▶ SUPPLIED INFORMATION
++++++++++++++++++++

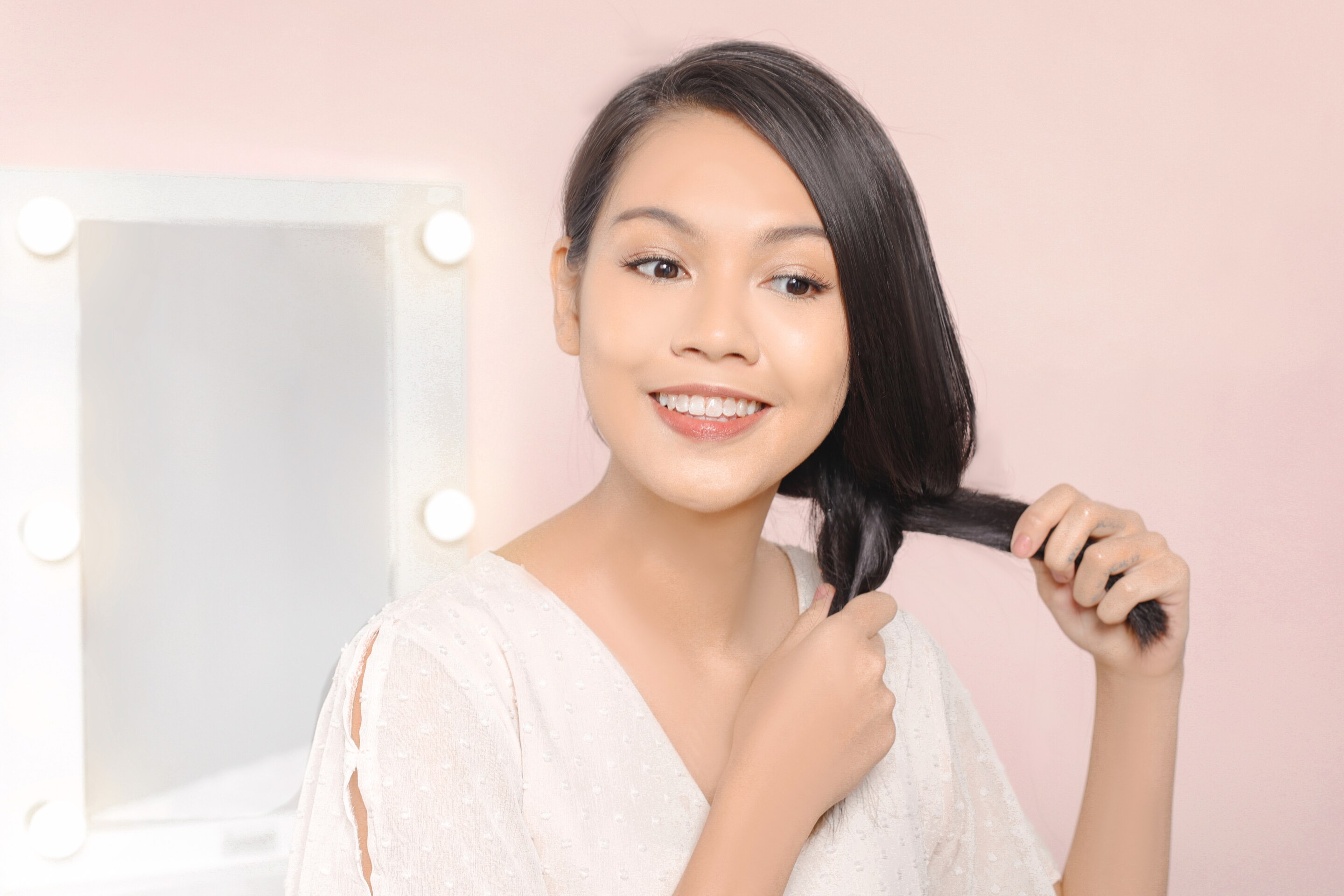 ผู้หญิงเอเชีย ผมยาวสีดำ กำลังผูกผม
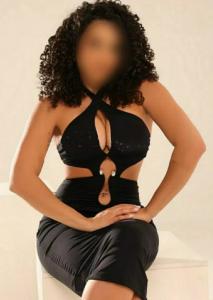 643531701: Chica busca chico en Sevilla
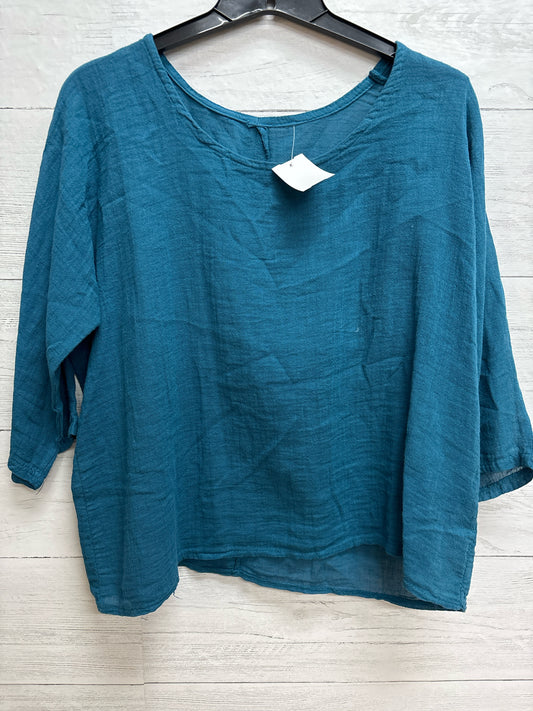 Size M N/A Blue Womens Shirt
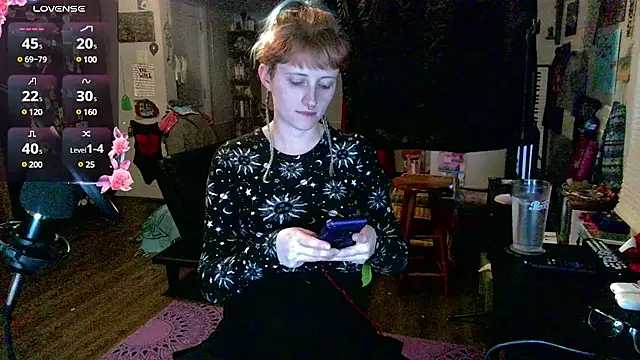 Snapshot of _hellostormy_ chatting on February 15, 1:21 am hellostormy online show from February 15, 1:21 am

++++++++++++++++++++

▶ TASK ITEM
Quote the full listing above word for word; exclude every picture from the copy.

▶ ANSWER SECTION
 ผู้หญิงเอเชีย ผมยาวสีดำ กำลังผูกผม
 643531701: Chica busca chico en Sevilla
 Size M N/A Blue Womens Shirt
 Snapshot of _hellostormy_ chatting on February 15, 1:21 am hellostormy online show from February 15, 1:21 am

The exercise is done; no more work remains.